[Air-L] Possible Foreign Spam: Re: e-reading limitations

Charlie Balch charlie at balch.org
Thu Oct 11 22:04:49 PDT 2007


I'm not sure that I'm completely following the message below but there are a
number of free alternatives for creating PDFs in the MS Windows environment.
OpenOffice SaveAs PDF natively. I've used CutePDF for years as well. 

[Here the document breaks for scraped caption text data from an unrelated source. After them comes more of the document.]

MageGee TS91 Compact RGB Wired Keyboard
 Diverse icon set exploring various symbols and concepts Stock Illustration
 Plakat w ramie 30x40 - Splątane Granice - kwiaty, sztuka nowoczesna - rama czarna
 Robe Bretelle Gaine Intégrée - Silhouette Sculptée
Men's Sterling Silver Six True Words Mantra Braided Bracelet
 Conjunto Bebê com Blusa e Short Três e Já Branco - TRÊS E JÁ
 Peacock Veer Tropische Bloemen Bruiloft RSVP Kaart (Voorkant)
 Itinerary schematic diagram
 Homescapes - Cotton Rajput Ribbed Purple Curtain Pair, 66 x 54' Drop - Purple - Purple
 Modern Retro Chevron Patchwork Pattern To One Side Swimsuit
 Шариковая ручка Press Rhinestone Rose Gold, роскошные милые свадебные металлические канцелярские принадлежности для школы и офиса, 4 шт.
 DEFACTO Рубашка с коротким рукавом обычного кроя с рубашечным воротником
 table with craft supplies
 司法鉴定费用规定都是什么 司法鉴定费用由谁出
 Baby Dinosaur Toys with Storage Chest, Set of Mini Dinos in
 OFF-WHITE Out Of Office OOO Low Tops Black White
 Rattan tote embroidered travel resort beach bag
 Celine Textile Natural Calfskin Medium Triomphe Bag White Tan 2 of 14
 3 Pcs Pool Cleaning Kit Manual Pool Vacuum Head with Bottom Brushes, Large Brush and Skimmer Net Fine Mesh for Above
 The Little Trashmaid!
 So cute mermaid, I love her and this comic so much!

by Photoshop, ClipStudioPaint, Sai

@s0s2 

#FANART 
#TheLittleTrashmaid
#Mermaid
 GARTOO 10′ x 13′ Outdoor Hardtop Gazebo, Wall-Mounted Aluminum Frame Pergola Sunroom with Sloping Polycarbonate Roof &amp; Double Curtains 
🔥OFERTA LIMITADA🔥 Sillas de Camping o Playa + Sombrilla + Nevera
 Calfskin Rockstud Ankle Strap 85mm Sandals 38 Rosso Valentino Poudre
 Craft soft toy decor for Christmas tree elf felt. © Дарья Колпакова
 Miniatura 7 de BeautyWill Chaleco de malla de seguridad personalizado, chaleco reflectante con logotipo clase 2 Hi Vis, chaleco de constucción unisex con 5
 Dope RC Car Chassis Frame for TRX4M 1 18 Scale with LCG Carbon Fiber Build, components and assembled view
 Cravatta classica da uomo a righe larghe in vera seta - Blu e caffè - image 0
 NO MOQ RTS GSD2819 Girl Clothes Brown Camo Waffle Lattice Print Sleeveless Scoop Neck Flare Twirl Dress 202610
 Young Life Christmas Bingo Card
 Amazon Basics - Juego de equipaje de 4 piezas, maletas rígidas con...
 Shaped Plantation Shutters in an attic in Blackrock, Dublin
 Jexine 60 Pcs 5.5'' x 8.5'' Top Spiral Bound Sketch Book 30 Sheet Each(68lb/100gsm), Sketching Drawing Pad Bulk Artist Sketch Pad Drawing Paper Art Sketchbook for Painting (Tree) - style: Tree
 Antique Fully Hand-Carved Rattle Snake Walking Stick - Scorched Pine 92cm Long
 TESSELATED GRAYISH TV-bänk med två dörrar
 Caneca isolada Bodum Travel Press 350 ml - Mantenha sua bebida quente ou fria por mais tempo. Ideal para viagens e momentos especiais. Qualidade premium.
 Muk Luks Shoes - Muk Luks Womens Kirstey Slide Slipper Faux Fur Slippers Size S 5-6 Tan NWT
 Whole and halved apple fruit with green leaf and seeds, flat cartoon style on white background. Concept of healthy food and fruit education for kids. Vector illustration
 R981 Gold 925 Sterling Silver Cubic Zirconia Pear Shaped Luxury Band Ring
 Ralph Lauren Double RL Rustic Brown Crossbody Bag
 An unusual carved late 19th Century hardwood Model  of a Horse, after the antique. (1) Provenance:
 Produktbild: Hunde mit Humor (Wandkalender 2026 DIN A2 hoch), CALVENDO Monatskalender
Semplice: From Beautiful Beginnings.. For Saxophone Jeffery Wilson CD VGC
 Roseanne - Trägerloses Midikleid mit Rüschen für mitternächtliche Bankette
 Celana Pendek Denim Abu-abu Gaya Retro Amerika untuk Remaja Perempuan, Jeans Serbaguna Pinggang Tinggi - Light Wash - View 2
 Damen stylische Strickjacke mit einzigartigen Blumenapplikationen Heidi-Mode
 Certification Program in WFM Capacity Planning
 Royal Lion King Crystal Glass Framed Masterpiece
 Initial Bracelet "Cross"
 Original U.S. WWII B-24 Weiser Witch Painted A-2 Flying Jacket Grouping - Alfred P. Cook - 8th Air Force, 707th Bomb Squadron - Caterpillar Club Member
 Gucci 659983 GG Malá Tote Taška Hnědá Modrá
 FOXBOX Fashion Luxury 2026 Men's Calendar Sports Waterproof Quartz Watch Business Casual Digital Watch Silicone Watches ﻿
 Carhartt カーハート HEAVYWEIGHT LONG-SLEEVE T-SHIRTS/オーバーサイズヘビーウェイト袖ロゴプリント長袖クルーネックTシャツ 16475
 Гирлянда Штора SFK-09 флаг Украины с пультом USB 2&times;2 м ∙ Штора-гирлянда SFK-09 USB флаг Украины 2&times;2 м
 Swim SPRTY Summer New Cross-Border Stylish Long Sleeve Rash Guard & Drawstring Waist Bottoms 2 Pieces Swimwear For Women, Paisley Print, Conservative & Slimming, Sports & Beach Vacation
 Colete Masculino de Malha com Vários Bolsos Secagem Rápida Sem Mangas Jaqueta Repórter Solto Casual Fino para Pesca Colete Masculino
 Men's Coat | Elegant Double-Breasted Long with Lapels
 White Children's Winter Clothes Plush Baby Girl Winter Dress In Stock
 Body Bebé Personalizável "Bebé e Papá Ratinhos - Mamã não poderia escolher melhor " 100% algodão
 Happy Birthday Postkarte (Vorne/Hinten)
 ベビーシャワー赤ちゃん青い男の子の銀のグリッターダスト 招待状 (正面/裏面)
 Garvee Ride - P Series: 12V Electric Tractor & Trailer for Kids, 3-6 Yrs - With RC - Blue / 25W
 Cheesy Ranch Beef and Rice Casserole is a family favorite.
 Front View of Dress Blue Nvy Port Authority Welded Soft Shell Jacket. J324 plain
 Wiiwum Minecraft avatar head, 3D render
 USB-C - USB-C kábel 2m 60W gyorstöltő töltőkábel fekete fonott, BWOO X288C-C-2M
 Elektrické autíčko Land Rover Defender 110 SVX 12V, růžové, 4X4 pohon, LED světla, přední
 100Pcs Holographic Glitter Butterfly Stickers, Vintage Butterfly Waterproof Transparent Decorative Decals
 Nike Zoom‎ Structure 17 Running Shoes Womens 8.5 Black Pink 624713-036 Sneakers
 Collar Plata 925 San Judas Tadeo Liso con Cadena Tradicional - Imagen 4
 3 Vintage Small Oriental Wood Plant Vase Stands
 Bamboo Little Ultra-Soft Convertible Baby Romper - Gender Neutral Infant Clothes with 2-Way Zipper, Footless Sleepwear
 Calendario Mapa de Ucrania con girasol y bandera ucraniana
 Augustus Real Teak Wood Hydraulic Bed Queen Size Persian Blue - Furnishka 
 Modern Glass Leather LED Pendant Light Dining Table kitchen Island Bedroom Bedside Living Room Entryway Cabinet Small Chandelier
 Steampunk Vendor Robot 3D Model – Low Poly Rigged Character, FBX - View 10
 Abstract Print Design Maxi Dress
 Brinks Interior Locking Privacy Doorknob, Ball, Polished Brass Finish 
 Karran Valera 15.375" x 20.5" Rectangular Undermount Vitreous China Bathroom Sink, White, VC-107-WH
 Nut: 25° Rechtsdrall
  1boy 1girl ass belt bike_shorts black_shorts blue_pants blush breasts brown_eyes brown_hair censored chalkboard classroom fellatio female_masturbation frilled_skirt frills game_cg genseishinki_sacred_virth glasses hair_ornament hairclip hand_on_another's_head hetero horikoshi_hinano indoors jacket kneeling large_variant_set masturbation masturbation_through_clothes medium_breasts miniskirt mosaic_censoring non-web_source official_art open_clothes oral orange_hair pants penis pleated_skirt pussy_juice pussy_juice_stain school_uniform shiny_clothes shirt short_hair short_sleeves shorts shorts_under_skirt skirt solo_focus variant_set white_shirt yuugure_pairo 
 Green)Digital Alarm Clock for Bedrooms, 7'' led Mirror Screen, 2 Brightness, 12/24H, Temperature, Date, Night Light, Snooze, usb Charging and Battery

The free Irfanview program allows viewing of almost any format of media.

Charlie Balch
Professor of CIS 
Arizona Western College

-----Original Message-----
From: air-l-bounces at listserv.aoir.org
[mailto:air-l-bounces at listserv.aoir.org] On Behalf Of Cristian Berrio Zapata
Sent: Thursday, October 11, 2007 9:20 PM
To: air-l at listserv.aoir.org
Subject: Possible Foreign Spam: Re: [Air-L] e-reading limitations

Thanks for your input. You are right, TIF and TIFF are the same. This format
has something that I have not found in adobe acrobat (version 6.0): the
possibility of editing part of the text as image (i.e. to eliminate steins
or blank spaces within a single scanned page or picture). MS Document
Imaging includes OCR so it is possible to turn image into characters and
produce search. This format was supposed to be Microsoft's avatar against
Adobe but if failed to become the market standard (although some data bases
like JSTOR offer this format additional to PDF). I suspect that this is why
they deleted from MSOffice 2007.

Readers are a magnificent tool for knowledge exchange and sharing, but I
have found that (at least for developing countries), the costs of licenses
make them not as popular as required. This means that academic communities
in Latin America (my case) do not master the tool and worst, have no access
to it due to cost (Acrobat Reader is free but does not let you work the text
with comments and marks; for that you require adobe acrobat or acrobat pro
at a rate of USD$ 449 ).

A little sample of digital divide where we need a free software solution
(yeah, as in FREE or at least not expensive. Why des not Adobe produce
something like Microsoft's Campus Agreement so we can access legally their
products at competitive price. A Vista Pro copy under this license is around
USD $20).

-----Mensaje original-----
De: Conor Schaefer [mailto:conor.schaefer at gmail.com] 
Enviado el: jueves, 11 de octubre de 2007 10:23 a.m.
Para: air-l at listserv.aoir.org; cristian.berrio at gmail.com
Asunto: Re: [Air-L] e-reading limitations


Hm, I usually write the file format "TIFF," but I think we're talking 
about the same thing. And oddly, according to Wikpedia, at least, Adobe 
now owns TIFF. From Wikipedia:


Tagged Image File Format (abbreviated TIFF) is a container format for 
storing images, including photographs and line art. It is now under the 
ownership of Adobe. Originally created by the company Aldus[1] for use 
with what was then called "desktop publishing," TIFF is a popular format 
for color and black and white images. The TIFF format is widely 
supported by image-manipulation applications, by publishing and page 
layout applications, by scanning, faxing, word processing, optical 
character recognition and other applications. [2] Adobe Systems, which 
acquired Aldus, now holds the copyright to the TIFF specification.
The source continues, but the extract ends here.